I’m pleased to see this concept finally becoming mainstream, especially since the Margin Notes system I developed back in 1999 was a pioneer in the area. One issue that was tricky to figure out is what scope to use as the automatic search term. You can see the problem if you’re viewing this post in an aggregator like LiveJournal or even on my own main page — the search results are probably related at least in part to other posts on the page and not just this one. It’s a hard problem in the general case, but they should be able to get it to work most of the time. (I’ve not yet looked at their code to see what they’re actually doing — more after I check it out.) [Update 12:45pm: actually, LiveJournal strips out all Javascript so it won’t show up anyway… click here to see the actual post if you’re in LJ and have no clue what I’m talking about.]

One thing I didn’t have to worry about with Margin Notes was how to keep the system from being gamed by spammers and Google-juice stealers, though I did have to worry about relevance to individual readers. Something I’d like to see is a similar system that uses my own RSS subscriptions as the core source of info, plus perhaps one level of linkage out (e.g. take my blog-roll & RSS subscriptions plus the blog-roll and RSS subscriptions associated with each of those sites).

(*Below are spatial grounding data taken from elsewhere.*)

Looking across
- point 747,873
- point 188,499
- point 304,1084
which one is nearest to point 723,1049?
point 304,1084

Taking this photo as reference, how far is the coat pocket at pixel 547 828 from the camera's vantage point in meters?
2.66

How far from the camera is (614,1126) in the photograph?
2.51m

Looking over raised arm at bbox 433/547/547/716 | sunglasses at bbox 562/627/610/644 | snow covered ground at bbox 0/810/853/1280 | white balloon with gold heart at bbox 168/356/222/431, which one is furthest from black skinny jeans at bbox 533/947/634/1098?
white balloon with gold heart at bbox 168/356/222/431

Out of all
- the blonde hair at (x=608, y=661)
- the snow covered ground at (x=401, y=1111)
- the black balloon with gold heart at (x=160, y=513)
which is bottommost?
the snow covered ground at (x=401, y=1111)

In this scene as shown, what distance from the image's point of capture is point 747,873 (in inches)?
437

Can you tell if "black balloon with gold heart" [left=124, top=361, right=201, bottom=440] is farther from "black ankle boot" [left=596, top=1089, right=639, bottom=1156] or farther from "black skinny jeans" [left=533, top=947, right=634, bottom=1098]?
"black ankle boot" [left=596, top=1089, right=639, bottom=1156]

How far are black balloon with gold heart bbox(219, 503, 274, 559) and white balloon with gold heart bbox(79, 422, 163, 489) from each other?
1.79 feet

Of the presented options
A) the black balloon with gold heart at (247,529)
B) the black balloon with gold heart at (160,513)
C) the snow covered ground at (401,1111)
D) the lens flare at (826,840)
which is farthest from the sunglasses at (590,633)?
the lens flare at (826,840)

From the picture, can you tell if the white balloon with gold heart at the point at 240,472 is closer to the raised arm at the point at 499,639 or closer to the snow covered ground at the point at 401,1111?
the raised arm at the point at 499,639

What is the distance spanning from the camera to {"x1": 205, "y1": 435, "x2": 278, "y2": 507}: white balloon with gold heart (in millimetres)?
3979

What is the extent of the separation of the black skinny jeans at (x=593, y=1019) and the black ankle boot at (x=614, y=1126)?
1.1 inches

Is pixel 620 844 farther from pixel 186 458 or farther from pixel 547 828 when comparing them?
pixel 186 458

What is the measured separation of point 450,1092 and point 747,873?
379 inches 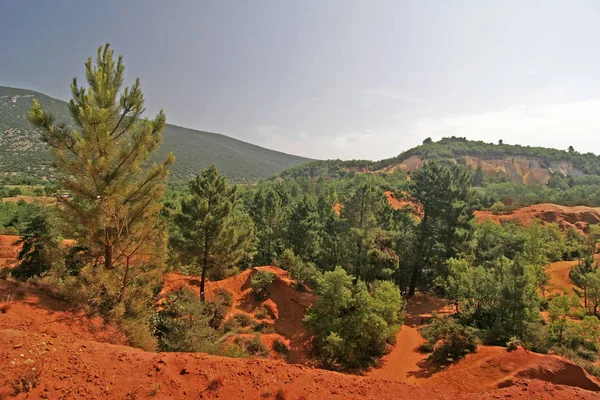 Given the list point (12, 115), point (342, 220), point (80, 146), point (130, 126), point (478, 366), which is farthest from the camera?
point (12, 115)

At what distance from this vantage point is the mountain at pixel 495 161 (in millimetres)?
110625

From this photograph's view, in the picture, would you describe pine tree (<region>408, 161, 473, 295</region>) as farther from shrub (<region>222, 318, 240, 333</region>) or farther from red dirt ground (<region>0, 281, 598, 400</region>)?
red dirt ground (<region>0, 281, 598, 400</region>)

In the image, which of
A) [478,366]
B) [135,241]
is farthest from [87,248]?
[478,366]

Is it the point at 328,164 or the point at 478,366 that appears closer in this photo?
the point at 478,366

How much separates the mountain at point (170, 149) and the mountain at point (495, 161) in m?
32.3

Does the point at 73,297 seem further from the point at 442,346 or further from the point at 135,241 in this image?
the point at 442,346

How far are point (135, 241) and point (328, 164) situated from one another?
145m

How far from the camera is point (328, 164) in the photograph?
150750 millimetres

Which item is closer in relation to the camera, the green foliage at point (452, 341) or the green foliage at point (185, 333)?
the green foliage at point (185, 333)

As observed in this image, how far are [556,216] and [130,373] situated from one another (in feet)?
231

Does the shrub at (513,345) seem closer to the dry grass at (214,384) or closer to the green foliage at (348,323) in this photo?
the green foliage at (348,323)

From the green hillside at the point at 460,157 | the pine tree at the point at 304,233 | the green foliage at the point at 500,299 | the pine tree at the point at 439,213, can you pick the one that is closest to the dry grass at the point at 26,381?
the green foliage at the point at 500,299

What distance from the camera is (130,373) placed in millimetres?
5762

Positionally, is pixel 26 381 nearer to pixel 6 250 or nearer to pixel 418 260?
pixel 418 260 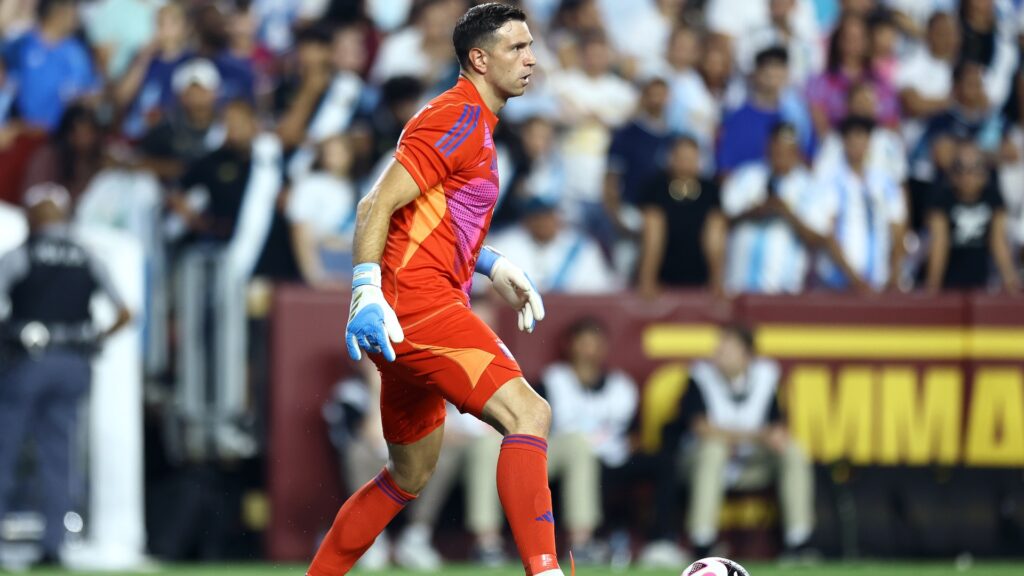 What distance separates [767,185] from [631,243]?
3.58 feet

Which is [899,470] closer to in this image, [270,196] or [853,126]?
[853,126]

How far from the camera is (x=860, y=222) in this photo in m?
13.3

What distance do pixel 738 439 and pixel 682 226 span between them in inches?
63.7

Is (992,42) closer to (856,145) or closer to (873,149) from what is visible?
(873,149)

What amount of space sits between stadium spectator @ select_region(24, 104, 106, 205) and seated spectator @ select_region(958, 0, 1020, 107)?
7.20 m

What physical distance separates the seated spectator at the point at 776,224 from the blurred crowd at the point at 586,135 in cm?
2

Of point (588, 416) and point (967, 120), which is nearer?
point (588, 416)

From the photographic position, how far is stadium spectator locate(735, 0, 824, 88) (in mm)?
14805

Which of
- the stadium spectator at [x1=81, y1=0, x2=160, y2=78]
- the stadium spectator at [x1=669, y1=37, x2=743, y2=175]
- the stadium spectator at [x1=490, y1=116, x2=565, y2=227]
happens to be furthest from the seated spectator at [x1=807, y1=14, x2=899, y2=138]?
the stadium spectator at [x1=81, y1=0, x2=160, y2=78]

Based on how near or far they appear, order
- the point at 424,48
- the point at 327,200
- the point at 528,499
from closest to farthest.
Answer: the point at 528,499, the point at 327,200, the point at 424,48

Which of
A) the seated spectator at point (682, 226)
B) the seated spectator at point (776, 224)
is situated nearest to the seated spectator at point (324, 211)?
the seated spectator at point (682, 226)

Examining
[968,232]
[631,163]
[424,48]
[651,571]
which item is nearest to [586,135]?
[631,163]

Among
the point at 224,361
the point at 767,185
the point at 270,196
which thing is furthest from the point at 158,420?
the point at 767,185

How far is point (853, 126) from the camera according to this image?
531 inches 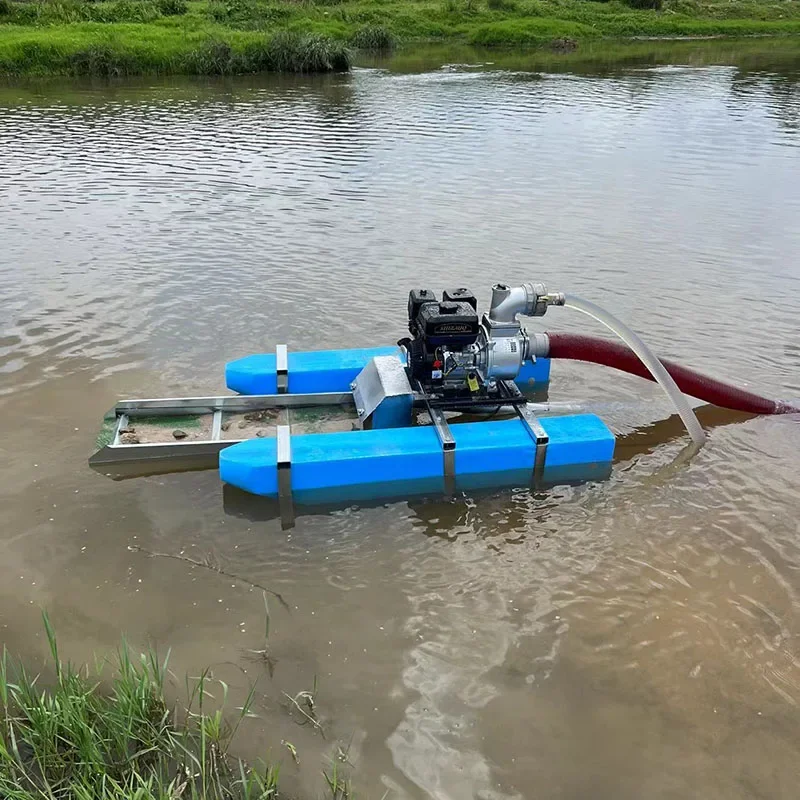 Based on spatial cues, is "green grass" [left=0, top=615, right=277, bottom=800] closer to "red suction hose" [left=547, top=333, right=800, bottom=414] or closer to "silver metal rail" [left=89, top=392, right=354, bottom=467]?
"silver metal rail" [left=89, top=392, right=354, bottom=467]

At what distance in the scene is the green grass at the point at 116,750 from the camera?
7.94ft

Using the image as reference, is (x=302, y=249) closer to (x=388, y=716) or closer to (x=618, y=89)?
(x=388, y=716)

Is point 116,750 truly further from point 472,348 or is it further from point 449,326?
point 472,348

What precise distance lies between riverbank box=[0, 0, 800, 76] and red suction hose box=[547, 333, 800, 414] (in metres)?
19.7

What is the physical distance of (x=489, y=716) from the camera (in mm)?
3008

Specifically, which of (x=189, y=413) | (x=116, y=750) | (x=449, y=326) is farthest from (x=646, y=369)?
(x=116, y=750)

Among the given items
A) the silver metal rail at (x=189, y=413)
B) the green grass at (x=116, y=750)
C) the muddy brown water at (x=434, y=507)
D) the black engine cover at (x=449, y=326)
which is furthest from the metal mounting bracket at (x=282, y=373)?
the green grass at (x=116, y=750)

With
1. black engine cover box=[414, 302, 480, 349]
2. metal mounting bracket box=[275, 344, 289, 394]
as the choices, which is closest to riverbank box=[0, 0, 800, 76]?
metal mounting bracket box=[275, 344, 289, 394]

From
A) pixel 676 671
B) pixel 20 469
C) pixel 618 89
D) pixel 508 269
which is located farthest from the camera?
pixel 618 89

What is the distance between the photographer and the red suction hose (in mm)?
4891

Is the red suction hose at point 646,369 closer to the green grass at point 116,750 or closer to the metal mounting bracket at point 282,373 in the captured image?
the metal mounting bracket at point 282,373

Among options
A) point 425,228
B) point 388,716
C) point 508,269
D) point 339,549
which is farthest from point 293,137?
point 388,716

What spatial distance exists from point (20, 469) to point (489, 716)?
3270 millimetres

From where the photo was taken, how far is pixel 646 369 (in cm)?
499
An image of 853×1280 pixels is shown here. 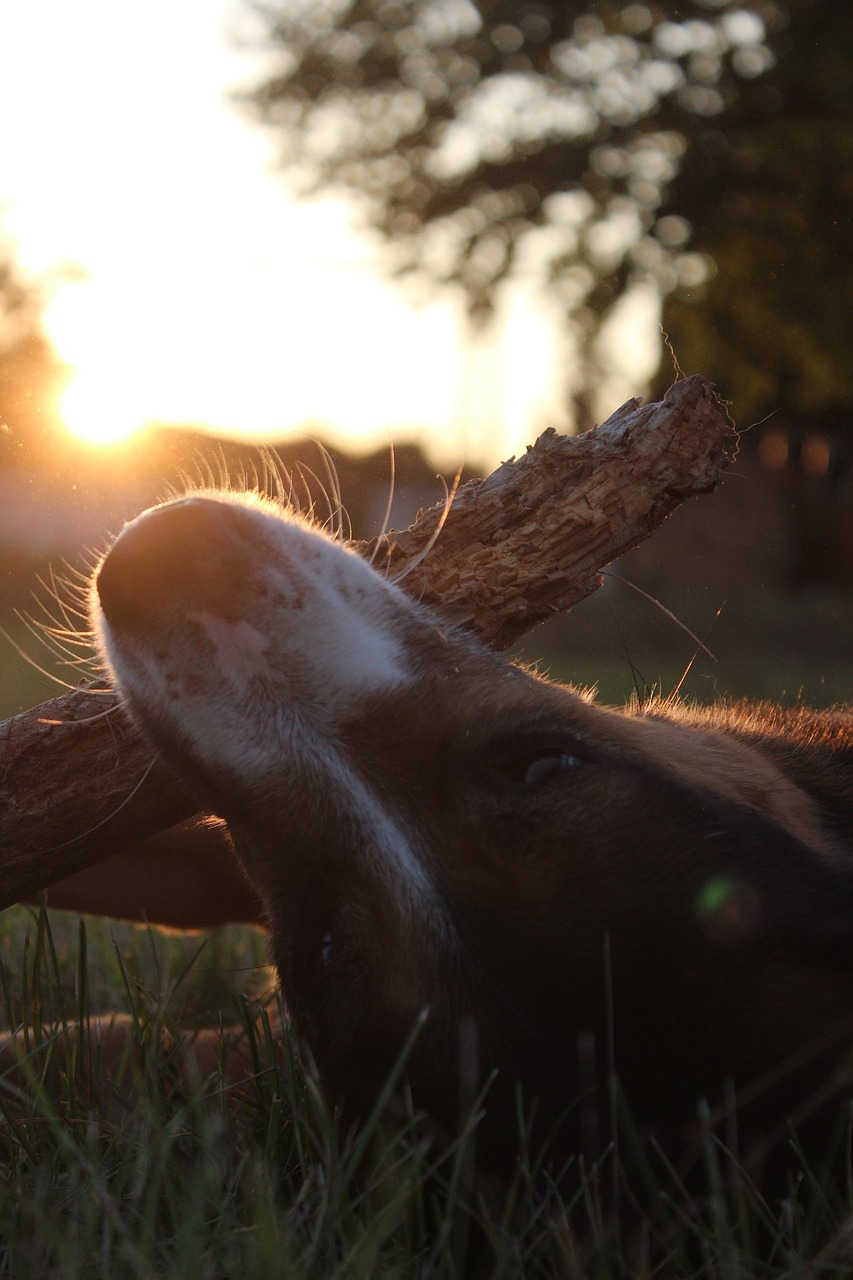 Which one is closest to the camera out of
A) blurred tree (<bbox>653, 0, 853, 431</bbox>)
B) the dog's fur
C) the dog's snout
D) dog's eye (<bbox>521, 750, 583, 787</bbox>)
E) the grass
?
the grass

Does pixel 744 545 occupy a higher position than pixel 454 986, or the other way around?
Result: pixel 454 986

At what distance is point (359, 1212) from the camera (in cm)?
218

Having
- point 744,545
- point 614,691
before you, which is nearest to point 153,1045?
point 614,691

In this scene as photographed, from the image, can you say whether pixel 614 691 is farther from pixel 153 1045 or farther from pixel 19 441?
pixel 153 1045

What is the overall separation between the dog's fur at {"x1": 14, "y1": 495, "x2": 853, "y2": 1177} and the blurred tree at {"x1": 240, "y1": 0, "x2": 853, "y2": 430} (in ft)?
49.2

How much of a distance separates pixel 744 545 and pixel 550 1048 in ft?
59.0

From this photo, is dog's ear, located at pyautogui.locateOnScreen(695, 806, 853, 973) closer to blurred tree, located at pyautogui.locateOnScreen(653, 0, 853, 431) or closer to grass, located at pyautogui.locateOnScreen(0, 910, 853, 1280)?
grass, located at pyautogui.locateOnScreen(0, 910, 853, 1280)

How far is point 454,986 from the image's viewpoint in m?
2.28

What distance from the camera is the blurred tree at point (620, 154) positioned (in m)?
18.6

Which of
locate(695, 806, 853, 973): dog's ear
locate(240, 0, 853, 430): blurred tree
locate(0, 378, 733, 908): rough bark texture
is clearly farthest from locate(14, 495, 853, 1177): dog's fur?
locate(240, 0, 853, 430): blurred tree

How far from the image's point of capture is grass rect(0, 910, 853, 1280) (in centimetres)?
178


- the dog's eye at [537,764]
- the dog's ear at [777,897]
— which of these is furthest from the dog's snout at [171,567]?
the dog's ear at [777,897]

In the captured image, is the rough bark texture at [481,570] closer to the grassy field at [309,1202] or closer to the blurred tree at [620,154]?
the grassy field at [309,1202]

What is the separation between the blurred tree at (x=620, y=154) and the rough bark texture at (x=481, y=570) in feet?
46.4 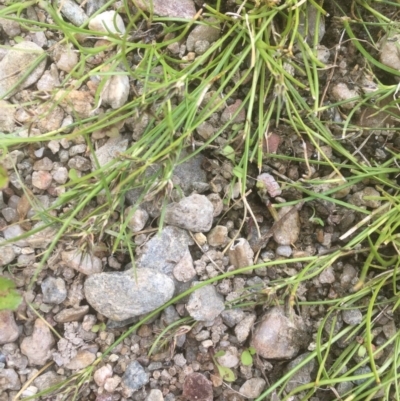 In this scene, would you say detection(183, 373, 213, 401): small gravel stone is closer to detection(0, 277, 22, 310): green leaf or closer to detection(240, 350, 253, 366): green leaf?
detection(240, 350, 253, 366): green leaf

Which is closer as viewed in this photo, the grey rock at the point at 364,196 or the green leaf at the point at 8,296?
the green leaf at the point at 8,296

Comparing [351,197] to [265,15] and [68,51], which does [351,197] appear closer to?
[265,15]

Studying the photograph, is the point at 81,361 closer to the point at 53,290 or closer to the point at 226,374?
the point at 53,290

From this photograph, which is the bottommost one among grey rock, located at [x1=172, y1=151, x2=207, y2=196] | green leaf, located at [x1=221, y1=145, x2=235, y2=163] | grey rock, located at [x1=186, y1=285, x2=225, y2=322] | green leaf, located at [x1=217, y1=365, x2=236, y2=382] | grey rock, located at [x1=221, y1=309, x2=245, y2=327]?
green leaf, located at [x1=217, y1=365, x2=236, y2=382]

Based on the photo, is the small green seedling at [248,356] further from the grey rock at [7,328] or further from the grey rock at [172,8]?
the grey rock at [172,8]

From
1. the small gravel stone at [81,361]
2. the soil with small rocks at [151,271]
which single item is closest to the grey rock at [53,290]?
the soil with small rocks at [151,271]

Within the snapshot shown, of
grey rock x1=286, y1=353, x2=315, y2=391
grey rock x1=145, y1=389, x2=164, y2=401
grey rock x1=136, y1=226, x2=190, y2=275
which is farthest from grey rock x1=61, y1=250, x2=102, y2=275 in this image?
grey rock x1=286, y1=353, x2=315, y2=391

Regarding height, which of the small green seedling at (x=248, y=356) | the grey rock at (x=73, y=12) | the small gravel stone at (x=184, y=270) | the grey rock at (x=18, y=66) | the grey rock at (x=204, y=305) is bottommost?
the small green seedling at (x=248, y=356) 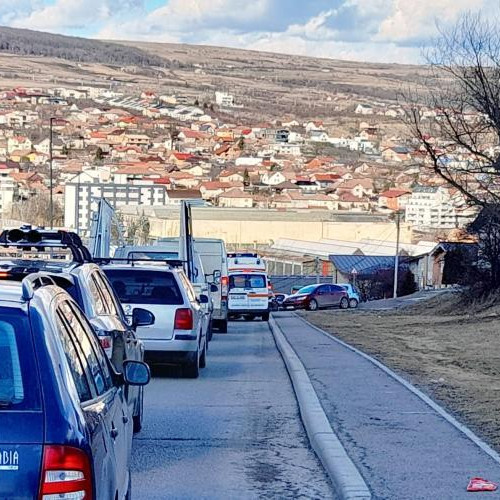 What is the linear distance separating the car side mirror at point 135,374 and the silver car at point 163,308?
870 centimetres

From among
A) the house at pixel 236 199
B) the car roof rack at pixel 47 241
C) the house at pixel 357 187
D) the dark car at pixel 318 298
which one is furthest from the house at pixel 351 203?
the car roof rack at pixel 47 241

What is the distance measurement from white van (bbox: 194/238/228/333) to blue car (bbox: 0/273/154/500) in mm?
24663

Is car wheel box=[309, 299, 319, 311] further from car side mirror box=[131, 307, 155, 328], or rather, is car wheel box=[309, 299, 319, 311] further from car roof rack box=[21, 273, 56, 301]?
car roof rack box=[21, 273, 56, 301]

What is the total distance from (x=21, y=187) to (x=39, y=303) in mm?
109042

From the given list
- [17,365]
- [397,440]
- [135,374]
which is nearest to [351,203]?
[397,440]

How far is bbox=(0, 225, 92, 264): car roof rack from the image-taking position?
10.9m

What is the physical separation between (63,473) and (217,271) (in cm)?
2759

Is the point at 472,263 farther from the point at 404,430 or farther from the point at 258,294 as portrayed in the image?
the point at 404,430

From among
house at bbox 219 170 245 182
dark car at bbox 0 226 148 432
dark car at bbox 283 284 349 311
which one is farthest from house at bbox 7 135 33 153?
dark car at bbox 0 226 148 432

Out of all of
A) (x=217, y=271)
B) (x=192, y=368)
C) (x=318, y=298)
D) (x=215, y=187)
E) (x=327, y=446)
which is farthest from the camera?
(x=215, y=187)

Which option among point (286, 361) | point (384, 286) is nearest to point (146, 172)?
point (384, 286)

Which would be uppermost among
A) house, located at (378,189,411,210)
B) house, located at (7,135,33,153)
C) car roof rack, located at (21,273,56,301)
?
house, located at (7,135,33,153)

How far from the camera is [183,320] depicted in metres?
15.9

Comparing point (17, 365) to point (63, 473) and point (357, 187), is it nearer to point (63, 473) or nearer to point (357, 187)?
point (63, 473) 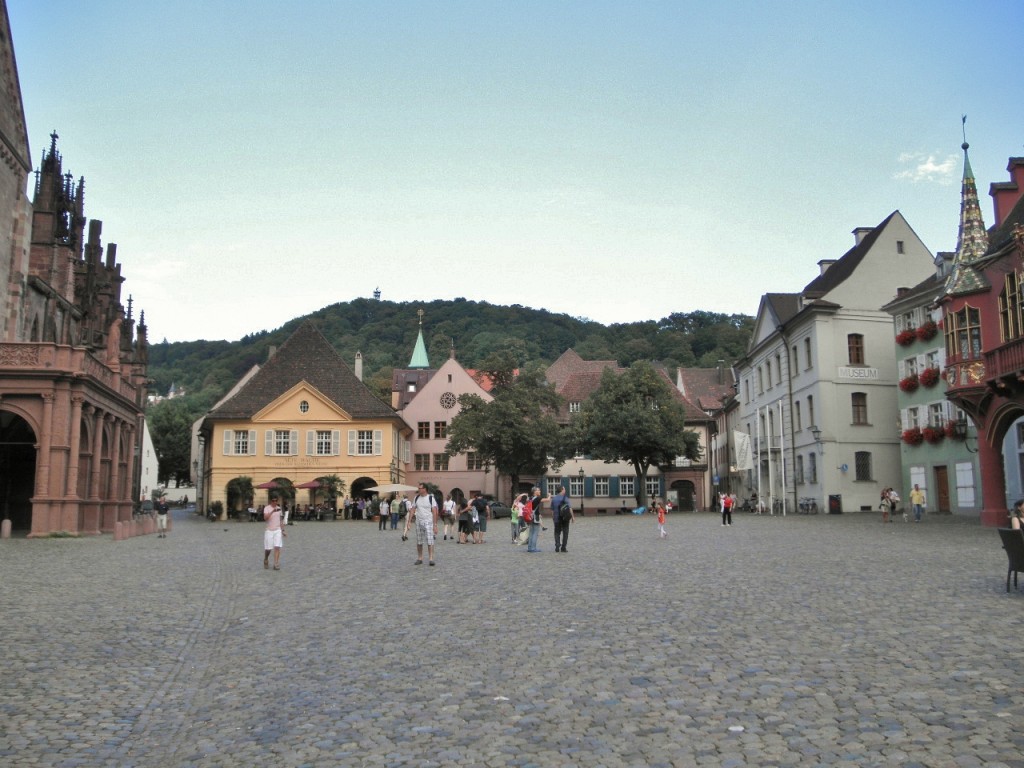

That would give me some amount of personalization as well as make it harder to game the system.

(via Google Blogoscoped)

Update 12:30pm: I took a quick peek at the JavaScript, and as you probably could guess all it does is send a specially formatted request to http://www.googlesyndication.com/relcontent/content?… that includes the page’s URL. Sure enough, one second after I loaded the page in my browser I saw another retrieval from Google. Makes sense — you don’t want to have to deal with parsing the source document in the JavaScript itself — though it does mean the feature probably won’t work at all on pages that are behind a firewall. (That’s probably all for the best, as otherwise it’d be all too easy to slip up and start broadcasting supposedly-secure information out to Google.)

That said, I’m surprised at how lousy the results are. It looks like they’re relying on their cached copy when available, which for a blog post is, of course, almost guaranteed to not be related to the current post. As for the post-specific page, I’m getting lots of related links about blogs in general, which makes me suspect they’re doing a bad job of distinguishing actual page content from my page’s window dressing, Javascript and navigation bars. That really surprises me (if in fact it’s where the trouble lies) since that’s a problem they clearly know how to solve for their normal indexing.